Oakley Police Chief Eric Christensen explained that evacuation notices were issued over the county’s community warning system (CWS) and the Nixle warning system. Then, officers made loudspeaker announcements while driving through the neighborhood before officers began going door to door. Despite these efforts, Christensen said he received reports of residents who did not hear or receive the evacuation order.
“If one or two people didn’t get the message, the system didn’t work the way that we needed the system to work,” said Christensen. “We need to make sure that everybody gets the message. We’ll be going out and handing out flyers to encourage people to register with the CWS system and with Nixle ... If we can get people to log on to Nixle, if we can get people to update their information with the community warning system, we’re way ahead of the pack.”
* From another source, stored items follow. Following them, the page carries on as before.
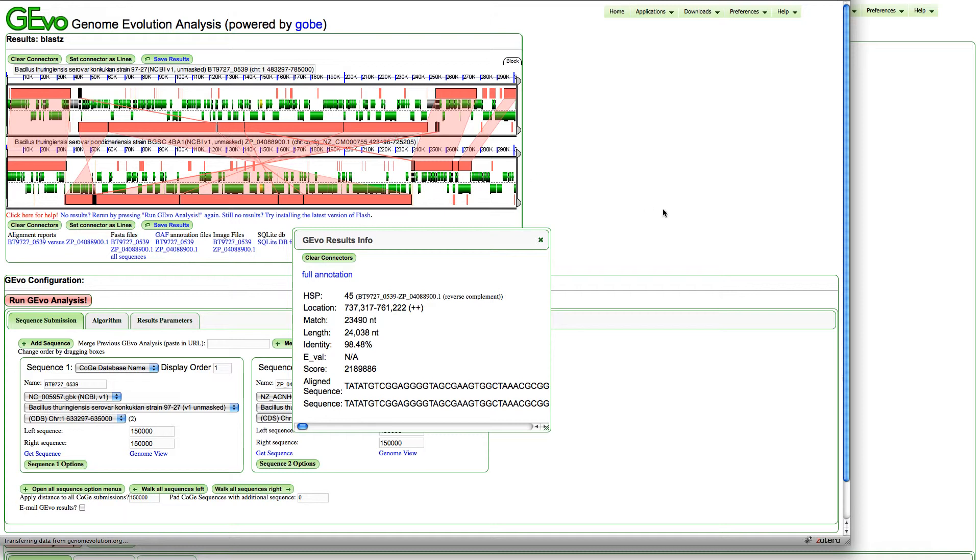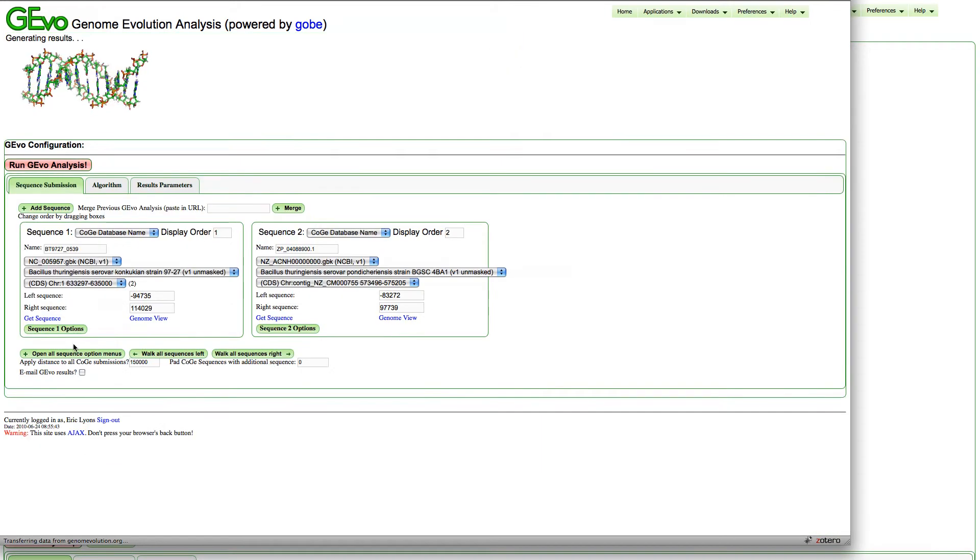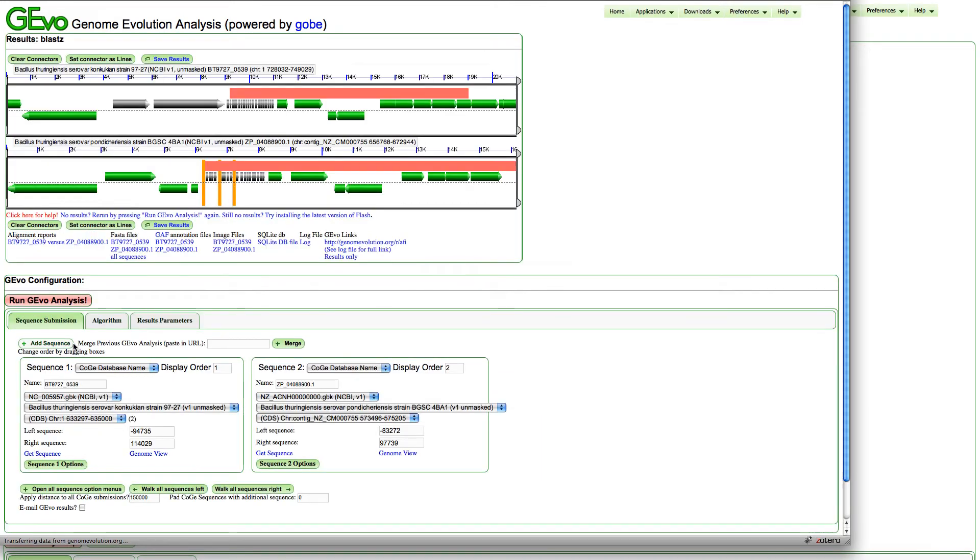I want to zoom in on these on both strands and look at them in more detail. I can use these slider bars to hone in on a particular region. I'll do that for both of them. To rerun the analysis, just press run GEvo. Here are those two regions.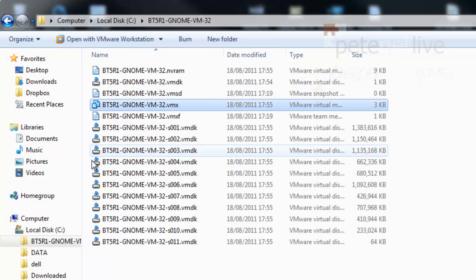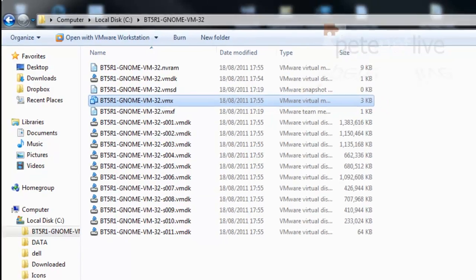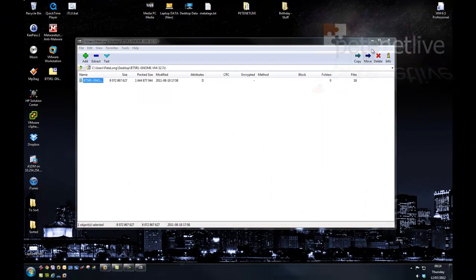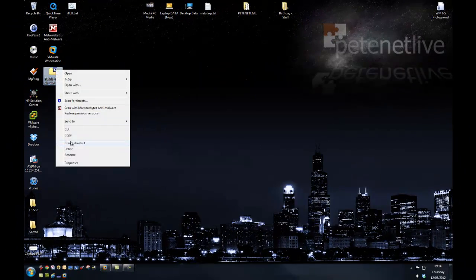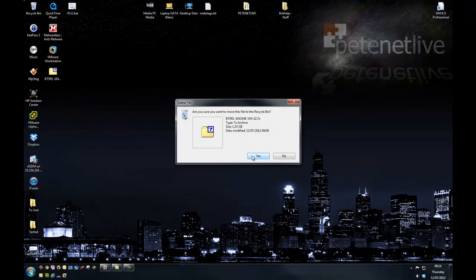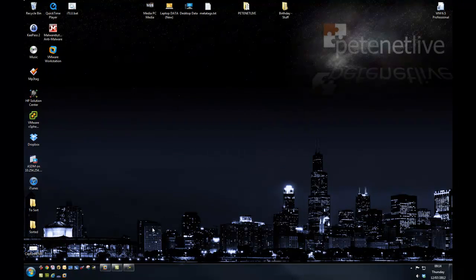The one that we're going to want to import is the vmx file. So I can close that down and I've finished with that zip file now. I can delete that.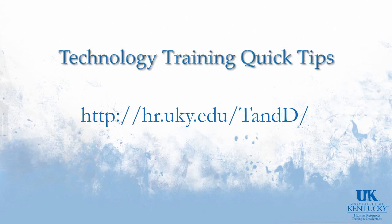Thank you for watching this Technology Training Quick Tip. For more information, please visit our website.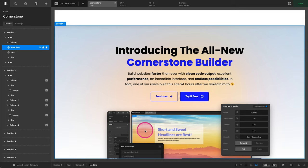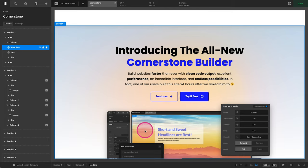Cornerstone is an all-in-one builder, meaning you really don't need to leave the platform to do things like creating new pages or working on your designs, whether that be pages, archives, single posts, headers, footers, global components, you name it.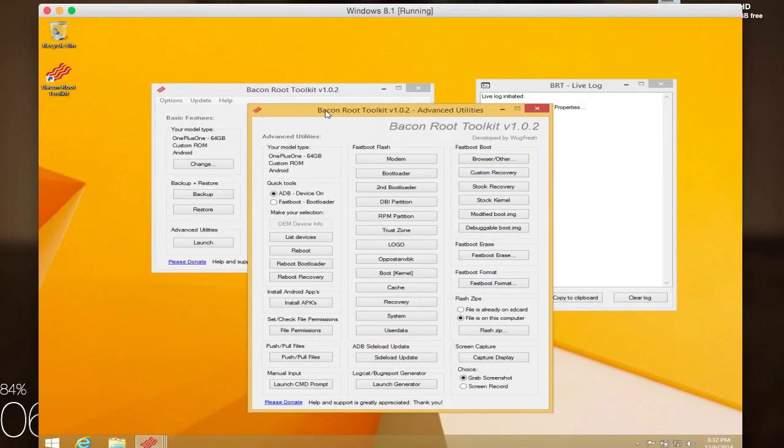Under advanced utilities, you're going to get a bunch more options, and these should only be used if you actually know what each option does. The ones that I use mostly are to push and pull files from ADB, and I only use that when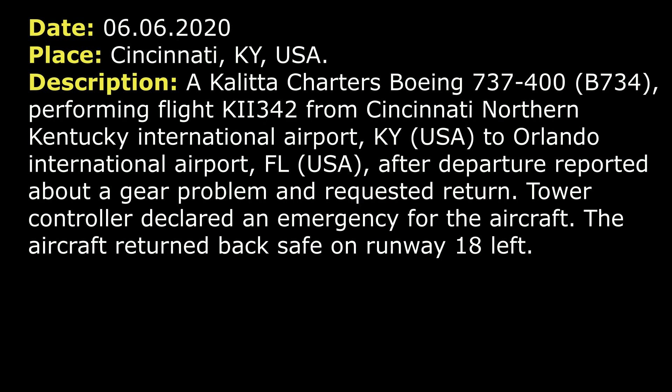On 6th of June 2020, a Kalitta Charters Boeing 737-400 after departure from Cincinnati reported about problems with gear and requested return back. The tower control declared an emergency for this flight.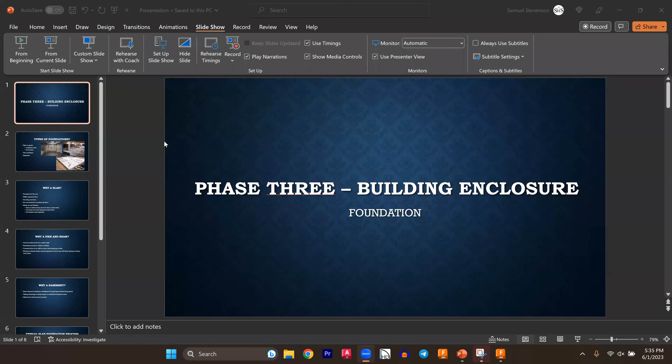Welcome to Bungalows for Bachelors number 13. Today we are going to talk about foundations — the beginning of the construction portion of this lesson journey. We're going to jump right in, share the screen, and start talking about it.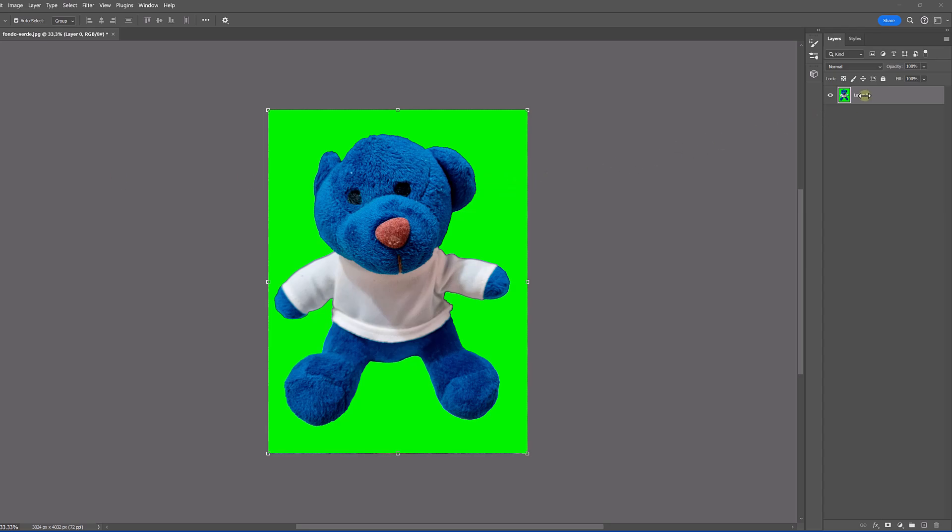We start by opening our Photoshop image. Next we click on it, and if the properties panel does not appear directly, we will activate it from the window menu.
Within minutes of the Oakley fire, another 20-acre blaze ignited in nearby Knightsen, prompting an evacuation of residents along Knightsen Avenue. Crews from the Bethel Island fire were redeployed to Knightsen to fight what was East County’s most damaging fire of the day. According to an ECCFPD incident report, the fire destroyed several outbuildings and plumbing supplies stored in the area. A horse, goats and chickens were killed in the incident. One ECCFPD firefighter suffered a minor eye injury. The district’s investigation determined that this fire was not related to PG&E equipment.
“That fire got into some large combustible areas,” said Aubert. “It had some pretty high flame length — anywhere from 40 to 50 feet up in the air.”
The largest fire — a 40-acre blaze off Leon Road in Morgan Territory — forced another evacuation. The evacuation order was issued just before 8 a.m., and was not lifted until 5 p.m. Ground crews were assisted by Cal Fire aircraft while getting that fire under control. There were no injuries and no loss of property reported. Cal fire is investigating the cause.
Contra Costa County District 3 Supervisor Diane Burgis traveled throughout East County to survey the damage.
“It was really inspiring to see how prepared they were,” said Burgis. “Each one of those (incidents) could have been catastrophic, but they had the resources ready. All of these years of training worked. All of the (resources) worked together perfectly.”